# Bacopa monnieri



## Nate333 (Jul 5, 2004)

Hi,

I am putting together a 10gal planted tank, I saw the amano nano tanks and just fell in love with it, of course mine doesn't look anything like it :icon_redf, but any way I have 3.5 watts per gallon, I also have a yeast based co2 generater, and a aquaclear filter. The tank is been running for 2 months, I added some bocopa monnieri last week, 3 of the four bunches (2 two three stalks per bunch) look good, but there is one that looks like the base stalk is melting away, and I want to figure out why before it happens to the rest of the plants.

nate


----------



## gnome (Mar 9, 2004)

I love this plant, too roud:. It's perfect for nano-tanks because it's relatively slow-growing. I don't think I've ever had it melt from the base, but are you sure that maybe it wasn't injured (possibly pinched) *before* you planted it? Pull up the ones that are showing necrosis of the stem, snip off just the dead portion and replant the healthy part. It should be fine. B. monnieri has *never* given me any problems. Most plants do very poorly under my care, but this one - it's extremely hardy and under the most stressful situations, it's also extremely forgiving. 

I'm thinking that it's possible yours is still in the emersed form. It should transition to the submersed form without any difficulties, but it might be slightly more susceptible to problems like what you're seeing. Just try the snipping and replanting and give it some time. I'm sure it'll be fine. It's almost impossible to kill this plant, which is probably why it's banned in California. Oh - also, don't have it placed in the direct path of the filter outflow. Make sure the water is relatively still where the Bacopa is planted. 

Good luck!

-Naomi


----------



## Nate333 (Jul 5, 2004)

Thanks Naomi,

Its funny, my malasian snail did the job of releasing the plant from the gravel :hihi: , so all I have to do was tie a small lead weight to the plant and let it sink. Oh BTW these lead ties are pretty safe I hope  .

nate


----------



## gnome (Mar 9, 2004)

The lead ties (IF they're in fact lead) can be harmful if the water is acidic. Under alkaline conditions, they're relatively inert, but I prefer not to have them even within my zip code. I found that using stainless steel small-diameter nuts or washers are pretty effective. But if you plant with a pair of tweezers, weights shouldn't be necessary. What I do is to cut the lowest leaves into a spade shape so that it'll help to hold the stem in place. It's a little difficult to describe, but if you have a deep substrate, you don't even have to cut the leaves - just push the stem base far down enough that the first node (with leaves) is completely buried. The substrate above it will hold it down. 

Happy planting!

-Naomi


----------



## Nate333 (Jul 5, 2004)

According to your recomendation I took out the lead ties, I knew something that makes life easy has to be bad :icon_bigg. 

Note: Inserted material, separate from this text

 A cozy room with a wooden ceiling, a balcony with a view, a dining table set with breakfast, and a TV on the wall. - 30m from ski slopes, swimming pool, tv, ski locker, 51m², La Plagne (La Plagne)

Also I have two crypts, two cambobas, a drift wood to which I attached a bunch of java ferns. I have ordered some water sprits, dwarf sag, Lysimachia nummularia, ludwigia repens, crypt wendtii and crypt willisii. I have two otos working hard around the tank and a bunch of Malasian snails (the pointy kind). I have 3.5 watts per gallon (10 gallon tank). 2 inch of flourite red on the bottom. I am thinking of getting some amono shrimps. and much, much later some neon tetras.

Any comments or suggestions will be very helpful.

nate


----------



## gnome (Mar 9, 2004)

> According to your recomendation I took out the lead ties, I knew something that makes life easy has to be bad :icon_bigg.


Sorry, man...:tongue: 



> Also I have two crypts, two cambobas, a drift wood to which I attached a bunch of java ferns. I have ordered some water sprits, dwarf sag, Lysimachia nummularia, ludwigia repens, crypt wendtii and crypt willisii.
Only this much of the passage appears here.